More than three quarters of a million Australians were the victims of identity theft in the past year, costing the average victim about $4,000, credit bureau Veda says.
Illegally obtained personal information fuels cyber crimes like online theft, the company said, and globally, billions of dollars are lost to cybercrime.
When thieves broke into Rhonda’s supposedly secure mailbox she thought it was just another ordinary theft.
But five months later she got a text message from her bank asking her to confirm that she had changed her mobile number.
“I received a text basically advising me that if the changed mobile number wasn’t correct to contact them immediately,” she told the ABC’s AM program.
Rhonda immediately went to an ATM to check her account.
“And when I went there it had gone from a $6,000-plus account down to a dollar,” she said.
The thieves had obtained her name and date of birth, as well as some basic account details.
Rhonda said it was enough for them to access her account through telephone banking.
“They’d stolen my mail and got a certain amount of information that gave them enough to start getting them through some protocol with the bank,” she said.
“Then I believe from there, you know obviously we’re all very active on social media, they were able to get further details.”
Rhonda was one of 772,000 Australians who have been victims of identity theft in the past 12 months.
A survey conducted by Veda shows one in five Australians have had their personal information stolen at some point.

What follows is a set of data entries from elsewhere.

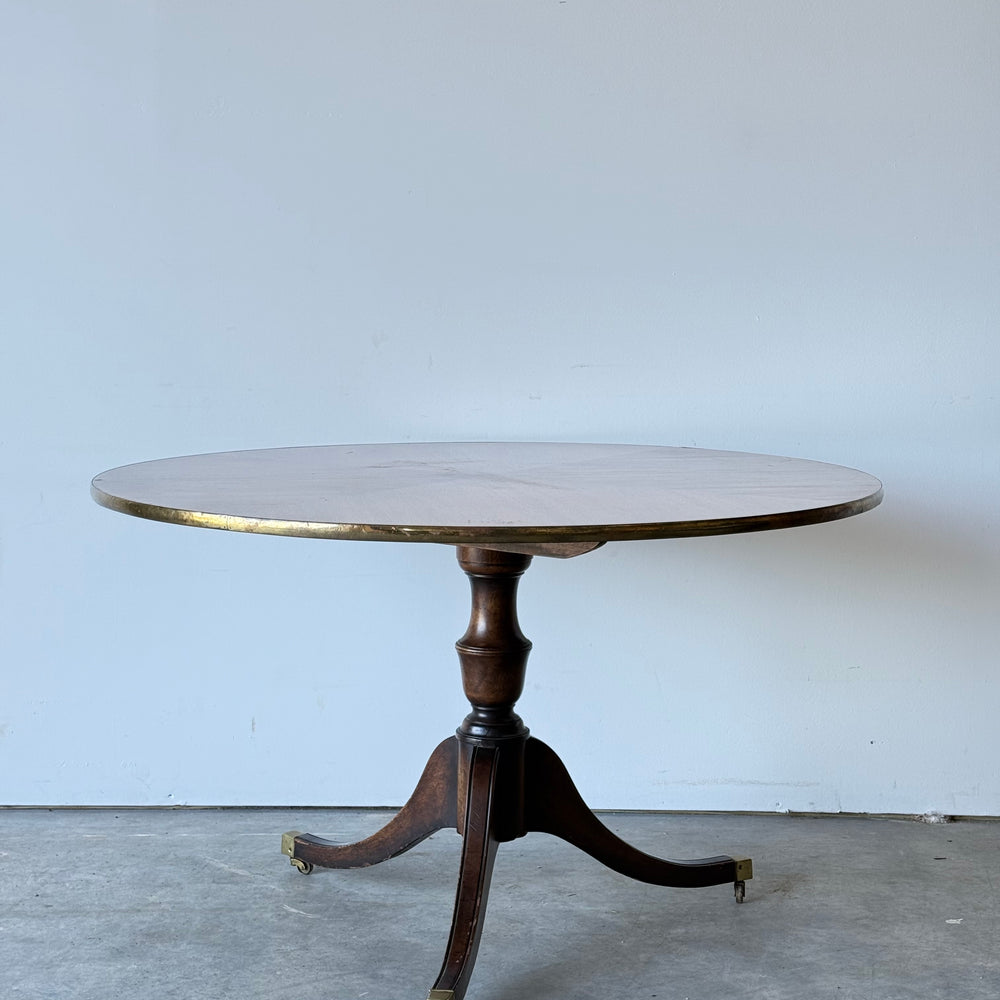 
                  
                    Regency Style Round Table on Casters w/ Brass Trim
                  
                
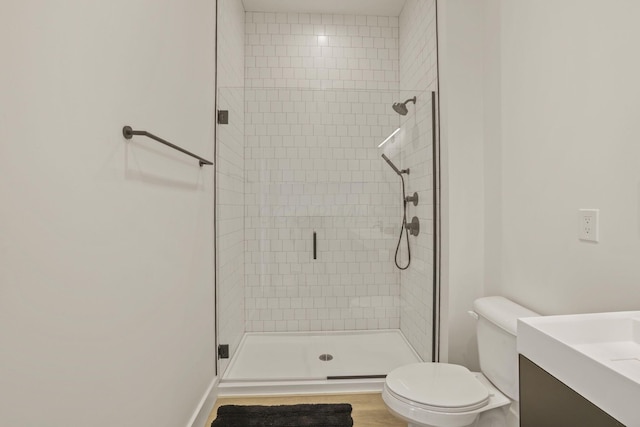 bathroom with vanity, toilet, and walk in shower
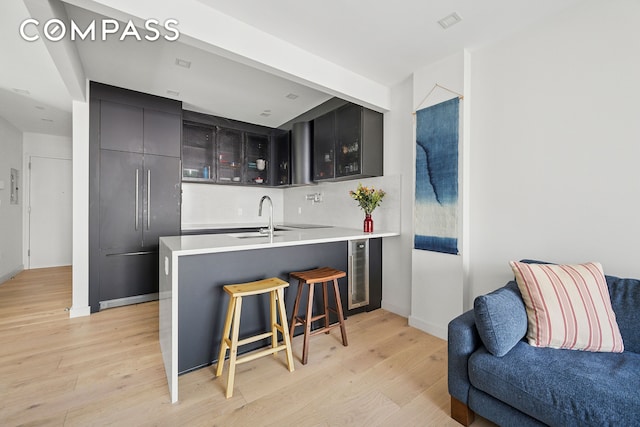 bar with a sink, beverage cooler, baseboards, light wood-type flooring, and tasteful backsplash
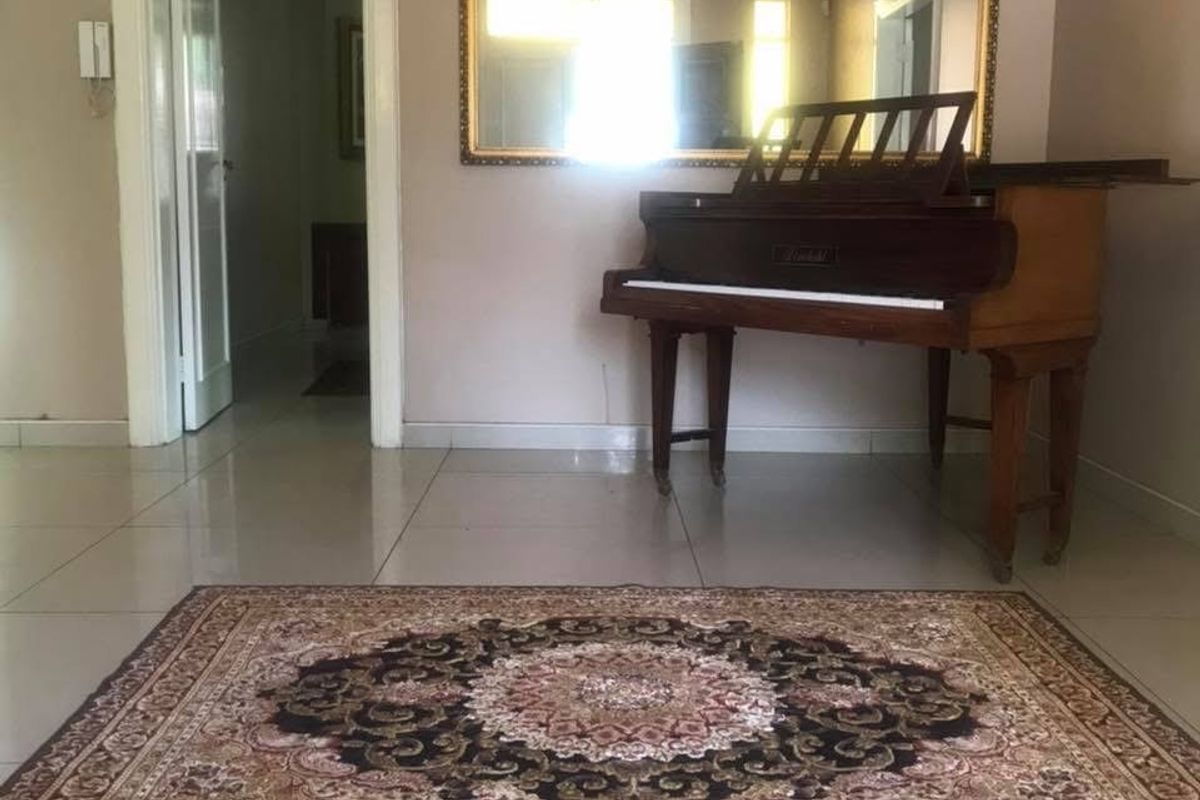 A spacious living area featuring neutral tiled flooring, a doorway leading to an adjacent room, and a large wall-mounted mirror.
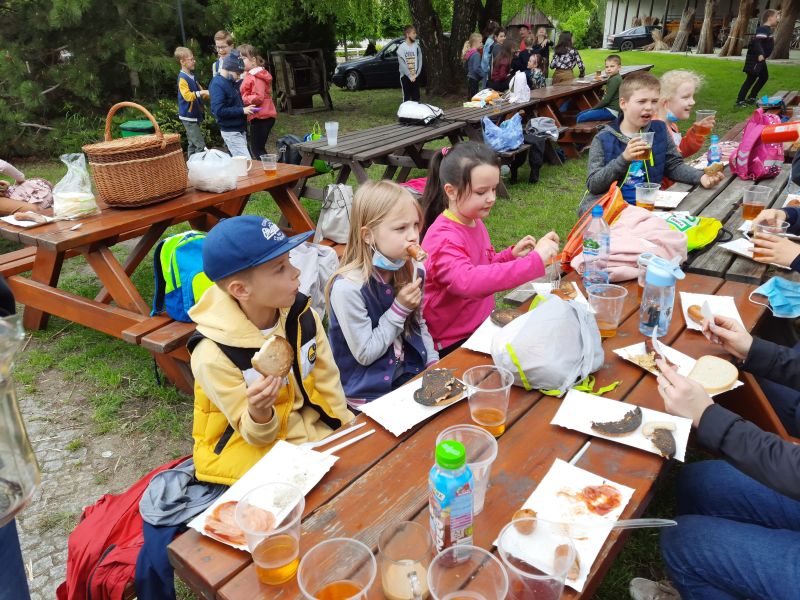 Uczniowie siedzą przy drewnianym stole i jedzą kiełbaski oraz pieczony chleb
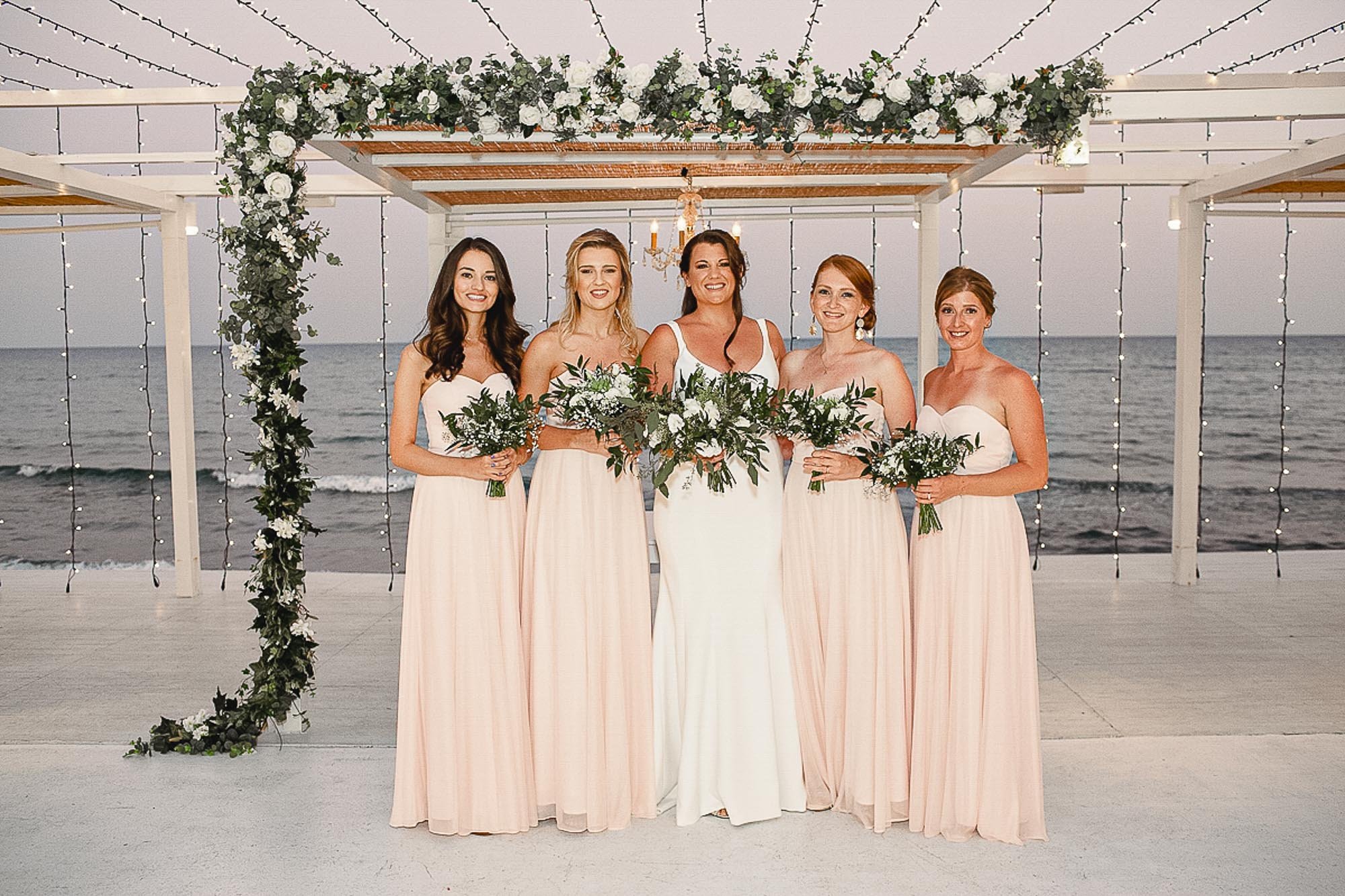 bride and bridesmaids at galu seaside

Veda’s head of cyber crime, Fiona Long, said cyber crime was costly and frustrating for victims.
“At a cost of around $1.6 billion to the economy in the last year, $4000 per incidence and 18 hours to resolve each issue,” Ms Long said.

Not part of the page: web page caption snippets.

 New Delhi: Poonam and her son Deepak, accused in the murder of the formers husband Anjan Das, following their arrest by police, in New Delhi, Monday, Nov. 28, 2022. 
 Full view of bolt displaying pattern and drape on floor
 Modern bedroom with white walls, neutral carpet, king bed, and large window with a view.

“The reality is it’s happening and it can be stressful and very time consuming experience for Australians.”
She said criminals employed a variety of high- and low-tech methods to get hold of personal information.
These include the use spyware or malware, the monitoring of social media and even car and house theft.
“So once the criminals have recreated enough of your identity, they can open accounts, buy a phone for example, they could get a loan, or file a tax return in your name, or even buy a car,” Ms Long said.
“There’s many things they can do. In fact I spoke to one person recently who had the title deeds of his house transferred to another person, so it can be quite a big impact.”
Veda urged people to take simple steps to protect themselves from the growing problem of identity theft.
Ms Long said people could prevent identity theft by using secure mailboxes, shredding personal documents and being extremely careful with the information they share on social media.
Rhonda was stung by her experience and is determined never to be a victim again.
She now gets her bank statements and most invoices sent as emails, and she has become extremely careful when using social media.
“I change my password on a regular basis, obviously I don’t have my address there,” she said.
“I don’t put any of my work details or my history of my education and I’ve even gone so far as to change the date of birth, because you need one to set up a fake Facebook account.
“So I’ve changed most of that detail.”